Available data
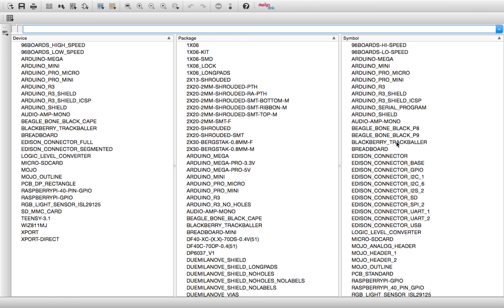The symbol is what shows up on the schematic view of your project, so that's what you make the actual electrical connections to and do everything for schematic view. The package is what shows up on the board view, the actual DIP package or through-hole package. That's where the package comes from.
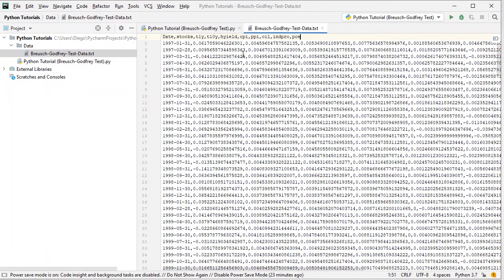As we can see in the data file, we have a plain text CSV file. The first column contains dates with a monthly frequency from the beginning of 1997 all the way to the end of 2016 — therefore 20 years of data. Then we have 'stocks', which corresponds to the dependent or explained variable: SPY ETF investment vehicle adjusted close prices, monthly arithmetic returns. SPY intends to replicate the S&P 500 index; adjusted close prices are adjusted for dividends and splits.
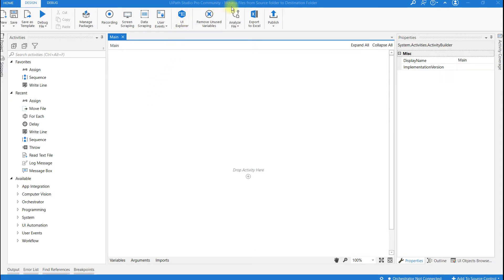Hello everyone. In this I am going to show you how to move files from source folder to destination folder.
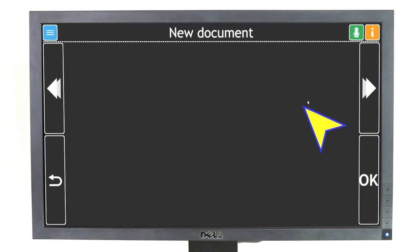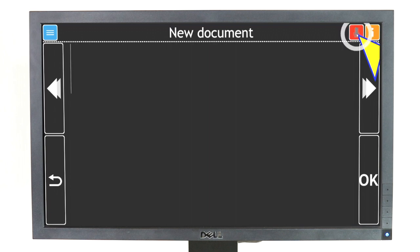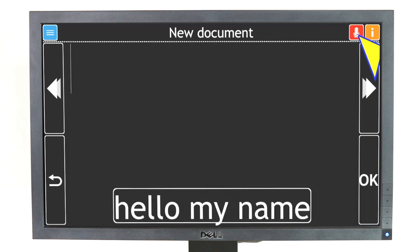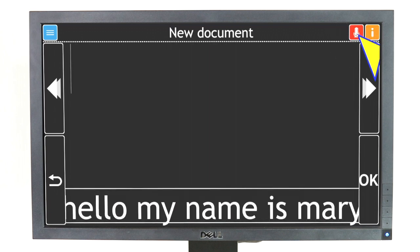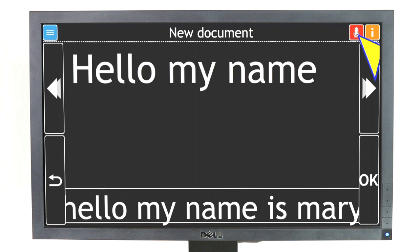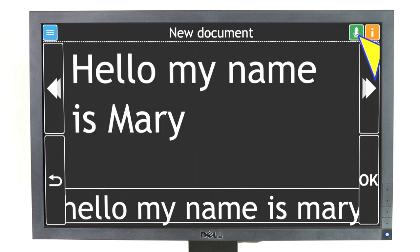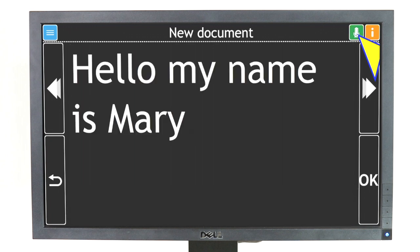GuideConnect will play a sound and you can start speaking your text — for example, "Hello, my name is Mary." After a three-second pause, GuideConnect will stop recording and your spoken text will be written on screen.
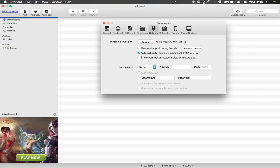This has been Mahal showing you how to speed up uTorrent, all versions. I'll see you in the next video. Peace.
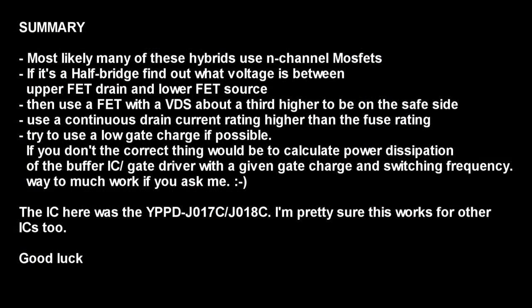If the VS powered half bridge is affected, use any n-channel MOSFET with a breakdown voltage higher than 250 volts and a continuous collector current higher than the rating of the fuse VS is protected with. If you don't have one in stock, head over to digikey.com and use their search option, they are awesome. Good luck with your repair and thanks for watching.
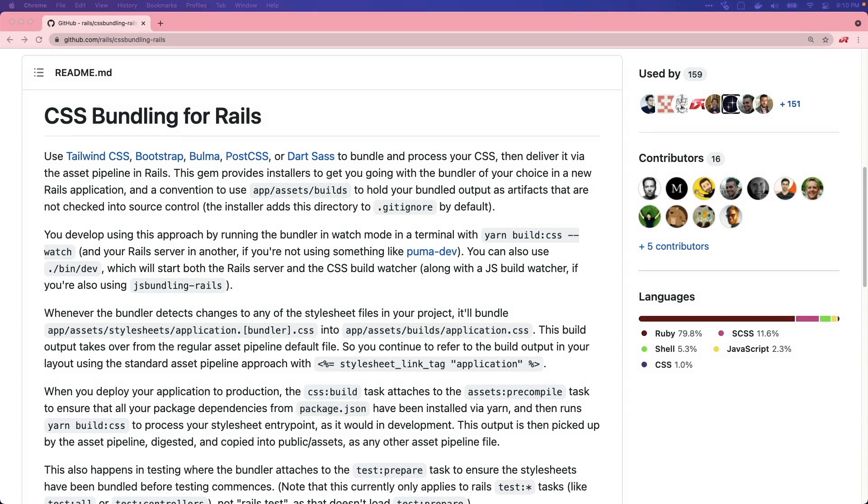The CSS bundling for Rails library is pretty great, and I think that it is going to usher in a new way in how we handle CSS assets in our applications, especially starting with Rails 7.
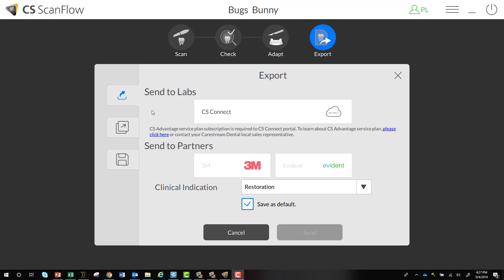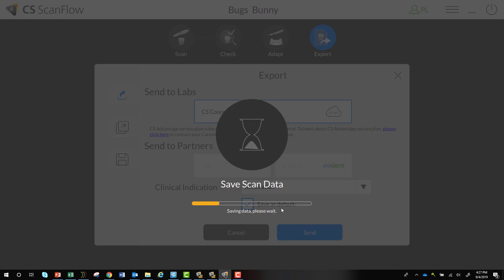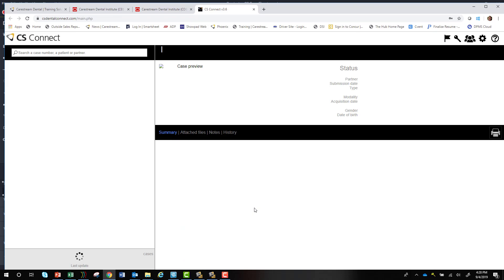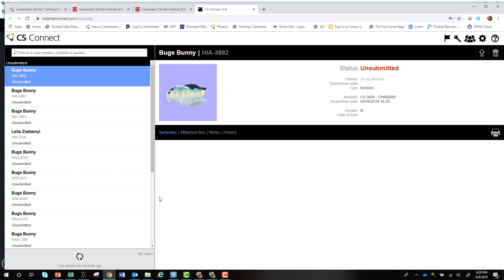To send the scan through CS Connect, select CS Connect, highlight it, and select Send. It will automatically save the scan in your patient record and automatically launch CS Connect so you can send it to the lab. You don't have to log in with credentials because we already did that earlier and we're staying logged in. Submit your case through CS Connect and you're good to go.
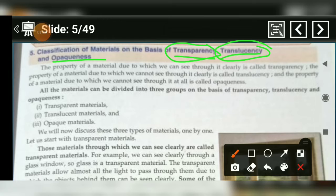अगर किसी material के थ्रूप हम एक साइड से दूसरे साइड बिल्कुल नहीं देख सकते हैं, इस material को हम Opaqueness कहते हैं. So, this is why all the materials have been divided into three groups.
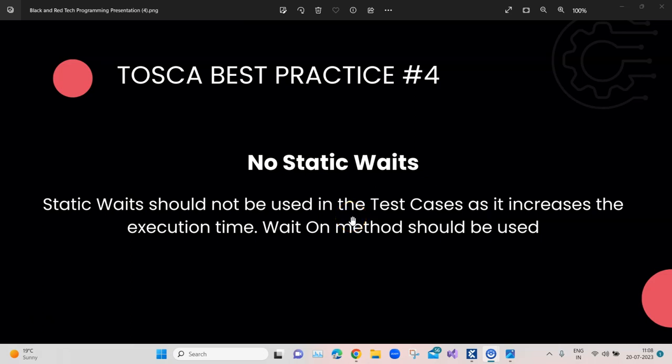Hey everyone, welcome back to this Tosca automation playlist. We are still talking about our top 10 Tosca best practices. We have already discussed three best practices and I'm going to talk about the fourth best practice. If you have not watched the previous best practices, go back and watch all three and make sure you have implemented them. Don't forget to subscribe so you don't miss upcoming videos.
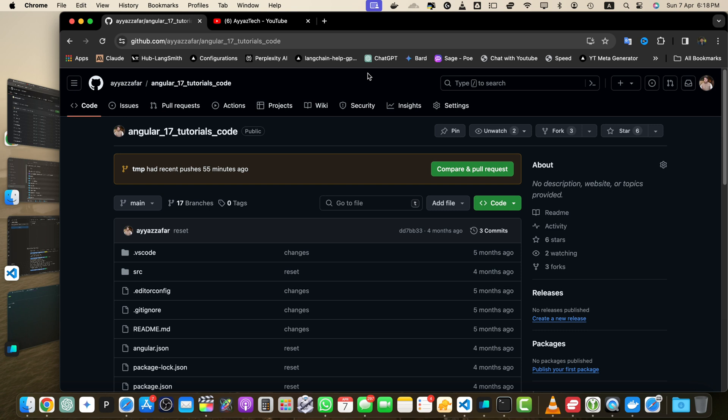Hey everyone and welcome to another exciting GitHub tutorial. In this video we will dive into how to compare two branches in GitHub.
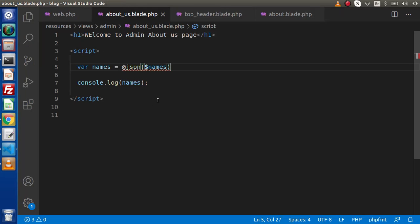Successfully, inside this video we have covered how to include partial views inside our blade template. We also saw how to use the @csrf directive, and what is the importance of the @json directive. The detailed concept of CSRF will be discussed in our form video. In the next video, we will discuss how to create a layout inside Laravel 8. For this video session, thank you for watching and have a great day.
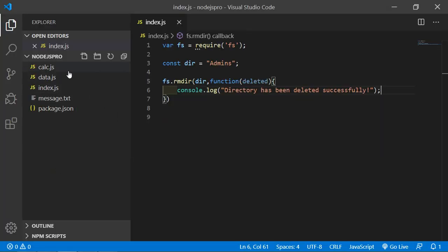Let's check. Go to the project and you can see the directory has been deleted. So in this way you can create, rename, and delete a directory in Node.js. That's all about creating and removing directories. Thanks for watching this video — if you still have any questions, you can ask me in the comment box. Don't forget to subscribe to my channel.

Task instructions
Repeat the exact lines from the first line of the data through the line containing "The CSS bundling". Nothing else, no pictures.

Answer for this exercise
The symbol is what shows up on the schematic view of your project, so that's what you make the actual electrical connections to and do everything for schematic view. The package is what shows up on the board view, the actual DIP package or through-hole package. That's where the package comes from.
As we can see in the data file, we have a plain text CSV file. The first column contains dates with a monthly frequency from the beginning of 1997 all the way to the end of 2016 — therefore 20 years of data. Then we have 'stocks', which corresponds to the dependent or explained variable: SPY ETF investment vehicle adjusted close prices, monthly arithmetic returns. SPY intends to replicate the S&P 500 index; adjusted close prices are adjusted for dividends and splits.
Hello everyone. In this I am going to show you how to move files from source folder to destination folder.
GuideConnect will play a sound and you can start speaking your text — for example, "Hello, my name is Mary." After a three-second pause, GuideConnect will stop recording and your spoken text will be written on screen.
This has been Mahal showing you how to speed up uTorrent, all versions. I'll see you in the next video. Peace.
If the VS powered half bridge is affected, use any n-channel MOSFET with a breakdown voltage higher than 250 volts and a continuous collector current higher than the rating of the fuse VS is protected with. If you don't have one in stock, head over to digikey.com and use their search option, they are awesome. Good luck with your repair and thanks for watching.
The CSS bundling for Rails library is pretty great, and I think that it is going to usher in a new way in how we handle CSS assets in our applications, especially starting with Rails 7.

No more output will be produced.